Begin with the line below holding "left atrial appendage" and go on through the line holding "Rheumatology clinics Connective", duplicating each line exactly and leaving out pictures.

Extracted records:
____

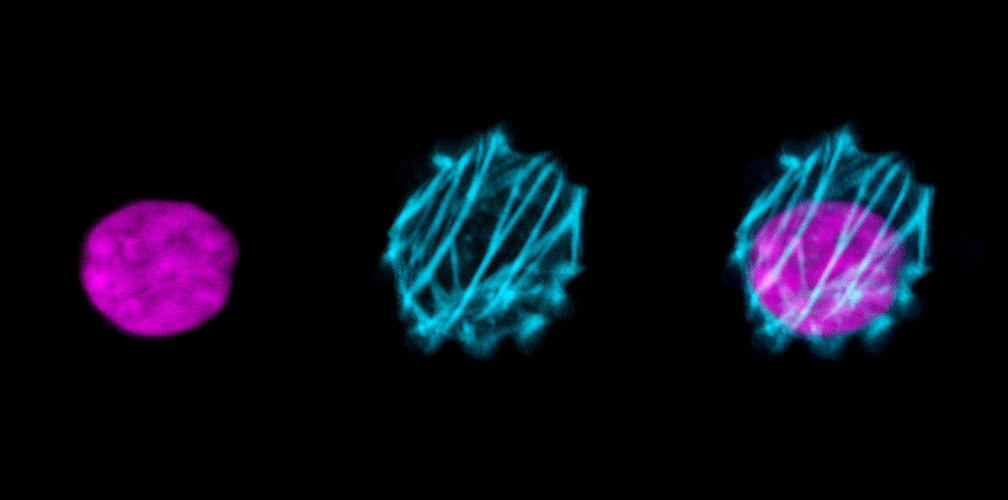 cell_spreading_inhibition.jpg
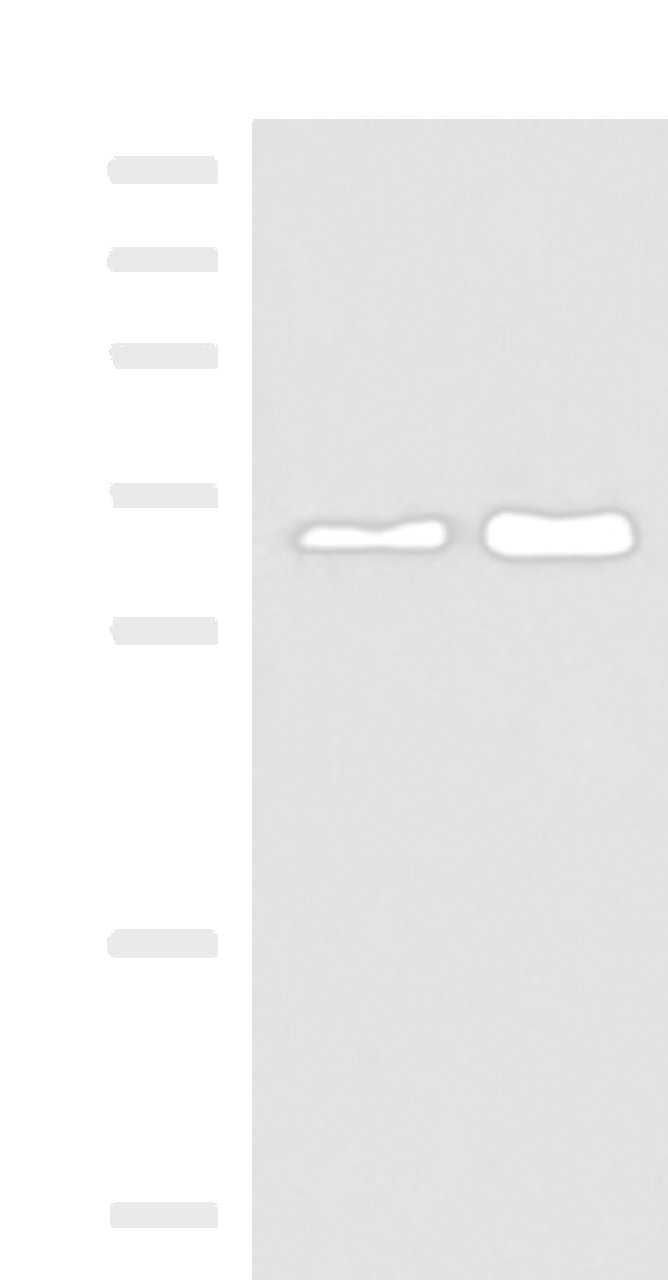 Western blot analysis of 293T cell lysates  using HNRNPA1L2 Polyclonal Antibody at dilution of 1:500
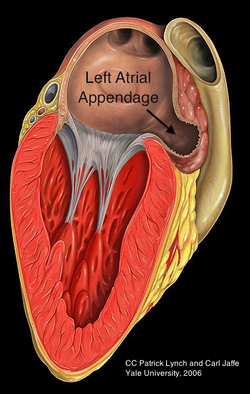 left atrial appendage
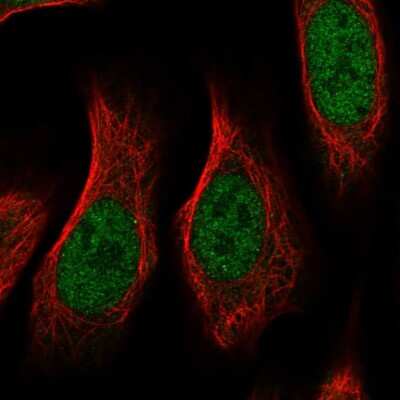 Immunocytochemistry/Immunofluorescence: RGM-A Antibody [NBP2-58165] - Staining of human cell line U-2 OS shows localization to nucleoplasm & nuclear bodies.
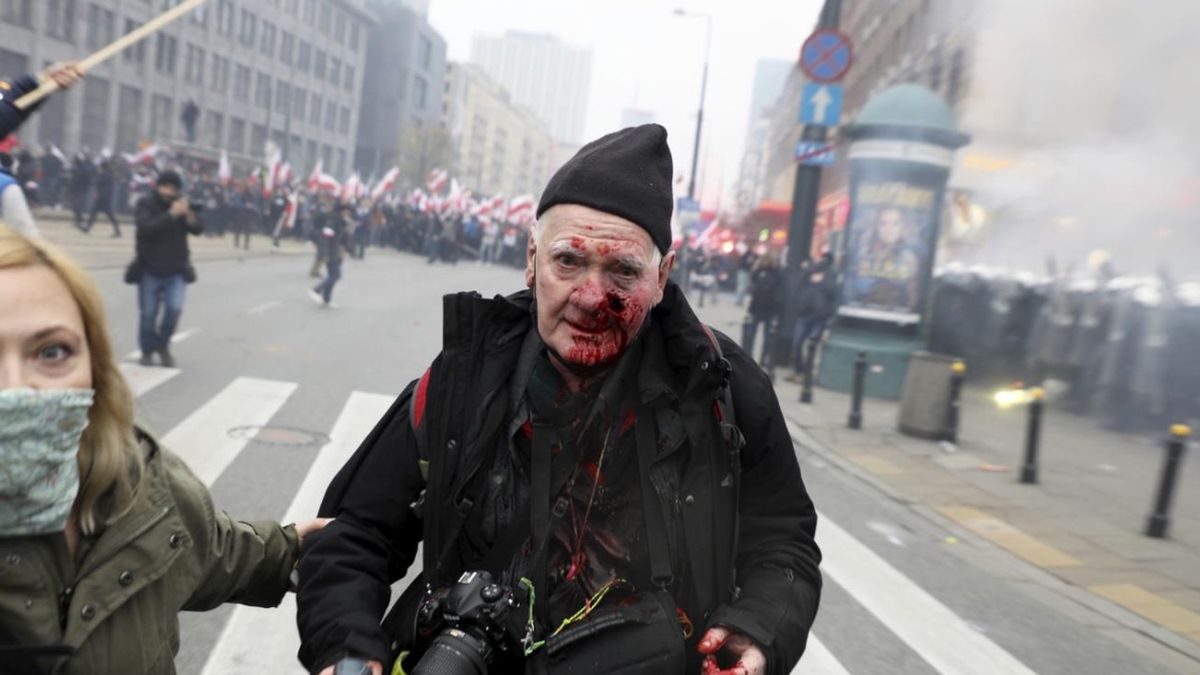 Tomasz Gutry z "Tygodnika Solidarność" został wczoraj postrzelony w twarz podczas Marszu Niepodległości. 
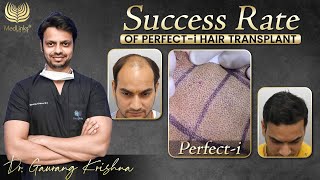 Success Rate of Perfecti Hair Transplant Technique  Best Hair Transplant in India  Medlinks [upl. by Devonna867]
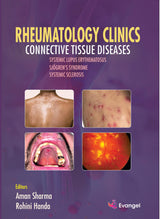 Rheumatology clinics Connective Tissue Diseases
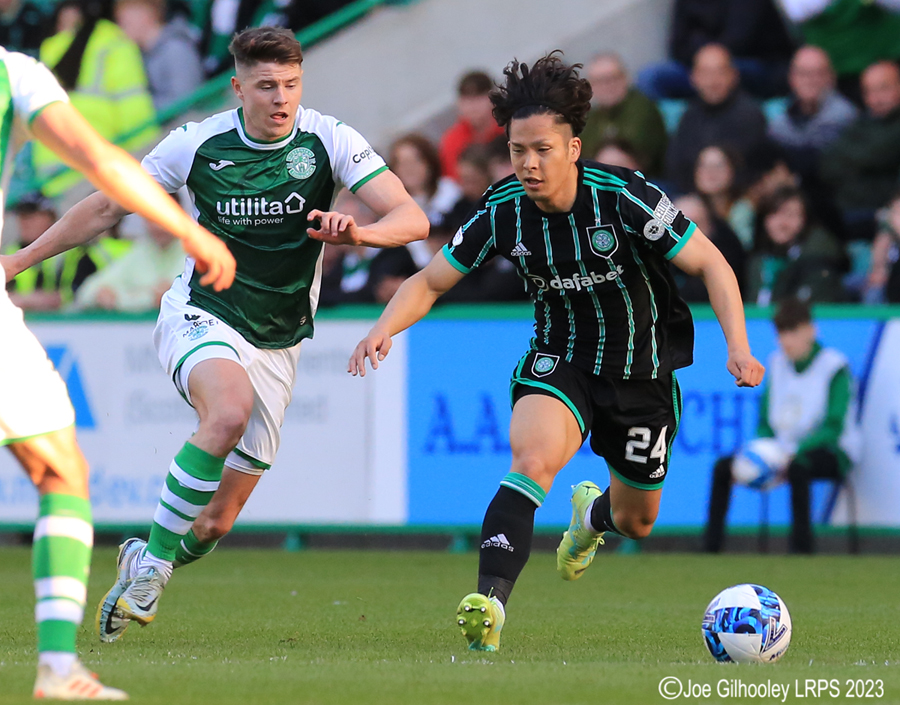 Hibernian v Celtic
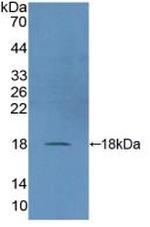 DUSP5 Antibody in Western Blot (WB)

____

Answer section:
 left atrial appendage
 Immunocytochemistry/Immunofluorescence: RGM-A Antibody [NBP2-58165] - Staining of human cell line U-2 OS shows localization to nucleoplasm & nuclear bodies.
 Tomasz Gutry z "Tygodnika Solidarność" został wczoraj postrzelony w twarz podczas Marszu Niepodległości. 
 Success Rate of Perfecti Hair Transplant Technique  Best Hair Transplant in India  Medlinks [upl. by Devonna867]
 Rheumatology clinics Connective Tissue Diseases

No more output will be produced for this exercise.